Many parts of the country are only accessible by boats, and the country has a poor road network and many parts are inaccessible by air. The disaster occurred despite recent pressure on ferry operators to improve safety. There is little oversight for the thousands of ferries operating in Mozambique and less deadly incidents are not uncommon.

== Incident ==
The Mozambican vessel Zico, a fishing boat converted for use as a ferry, was traveling from Lunga in Mossuril District, Nampula Province to the Island of Mozambique on 7 April 2024. Most of the 130–150 passengers were trying to escape the mainland because of a cholera outbreak, with Nampula being one of the worst-affected provinces. Others were travelling to attend a fair on the island. Surviving crewmember Menque Amade said that he requested that the crew chief increase the boat's speed once he saw that the boat was adrift.
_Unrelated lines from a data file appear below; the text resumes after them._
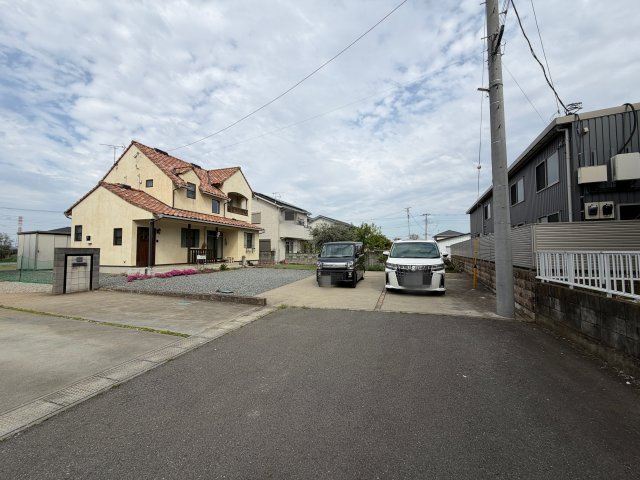 【前面道路含む現地写真】 | 児玉郡上里町藤木戸　中古戸建
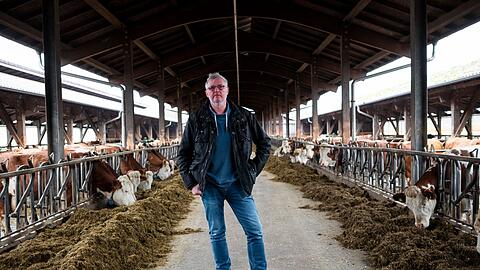 Bio-Bauer Markus K&uuml;fner f&uuml;rchtet um die Zukunft seines Hofes, sollte die EU-&Ouml;koverordnung in Sachen Weidehaltung keinen Kompromiss erlauben.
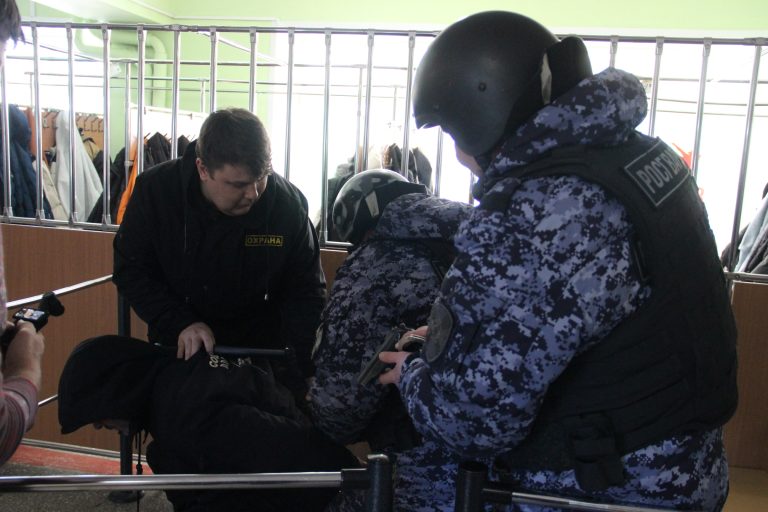 Тревога по двум сценариям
A survivor claimed that the vessel was overcrowded and began to take on water because of the number of people leading to passengers panicking and jumping off the vessel into the sea. The vessel sank off the coast of northern Mozambique between the Mozambique Channel and Mossuril Bay and was later dragged to shore.

Over 100 people were killed, including many children. There were 12 survivors, according to provincial officials and as of 9 April 2024, around 20 people were still missing.

==Aftermath==
Bodies washed up on the beach, and some were quickly buried in line with Islamic rites.

Authorities initially blamed the sinking on overcrowding but later said the boat sank after taking on water. Early reports also suggested that the boat had been struck by a tidal wave. Nampula province's Secretary of State Jaime Neto said that misinformation about cholera caused people to panic and board the boat. A Maritime Transport Institute official indicated that the boat was not licensed to transport passengers. President Filipe Nyusi ordered an investigation headed by the transport minister, Mateus Magala. A period of national mourning was observed from 10 to 12 April.